The validateEdgePrediction()
function compares the
results of clustering after imputation with a predefined benchmark to
see how similar they are. After validating clustering on submatrices
with non-missing values, the benchmark had already been set up in the
previous step. This function does the analysis for a number of
user-specified imputation methods. It’s also possible to see how each
method is ranked by looking at a ranking plot.
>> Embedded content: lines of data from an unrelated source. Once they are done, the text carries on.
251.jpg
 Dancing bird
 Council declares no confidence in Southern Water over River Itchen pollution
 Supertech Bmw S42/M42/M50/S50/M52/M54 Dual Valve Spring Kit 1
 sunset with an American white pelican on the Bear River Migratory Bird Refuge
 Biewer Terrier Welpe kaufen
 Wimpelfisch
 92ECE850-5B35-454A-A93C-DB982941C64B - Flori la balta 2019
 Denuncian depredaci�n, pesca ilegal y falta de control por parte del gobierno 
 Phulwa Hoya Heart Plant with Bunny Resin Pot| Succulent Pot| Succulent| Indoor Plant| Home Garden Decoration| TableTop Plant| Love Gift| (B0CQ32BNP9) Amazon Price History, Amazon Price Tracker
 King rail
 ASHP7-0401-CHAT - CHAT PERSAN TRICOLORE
The following measures
are used to compare the methods:
Jaccard similarity index
Dice similarity coefficient
Rand index
Minkowski measure (inverted)
Fowlkes–Mallows index
validateEdgePrediction(imputation = imputations,
refer_community = cls1$fast_greedy,
clustering_args = cls1$clustering_args)
#>
#>
#> | | Jaccard_similarity| Dice_similarity_coefficient| Rand_index| Minkowski (inversed)| Fowlkes_Mallows_index|
#> |:------|------------------:|---------------------------:|----------:|--------------------:|---------------------:|
#> |median | 0.7476353| 0.8555964| 0.8628983| 1.870228| 0.8556407|
#> |svd | 0.7224792| 0.8388829| 0.8458376| 1.763708| 0.8388853|
#> |als | 0.7290576| 0.8433005| 0.8510791| 1.794478| 0.8433362|
#> |CA | 0.6935897| 0.8190765| 0.8280576| 1.670030| 0.8191111|
#> imputation_method Jaccard_similarity Dice_similarity_coefficient Rand_index
#> 1 median 0.7476353 0.8555964 0.8628983
#> 2 svd 0.7224792 0.8388829 0.8458376
#> 3 als 0.7290576 0.8433005 0.8510791
#> 4 CA 0.6935897 0.8190765 0.8280576
#> Minkowski (inversed) Fowlkes_Mallows_index
#> 1 1.870228 0.8556407
#> 2 1.763708 0.8388853
#> 3 1.794478 0.8433362
#> 4 1.670030 0.8191111
Finally, the best imputation method can be chosen, allowing for a re-examination of the label relationships or a re-run of the nominal data mining. In other words, users can use this imputed matrix as an input matrix to redo the previous steps of mining the hidden relationships in the original dataset. Note that this matrix has no missing values, hence no submatrix extraction is required.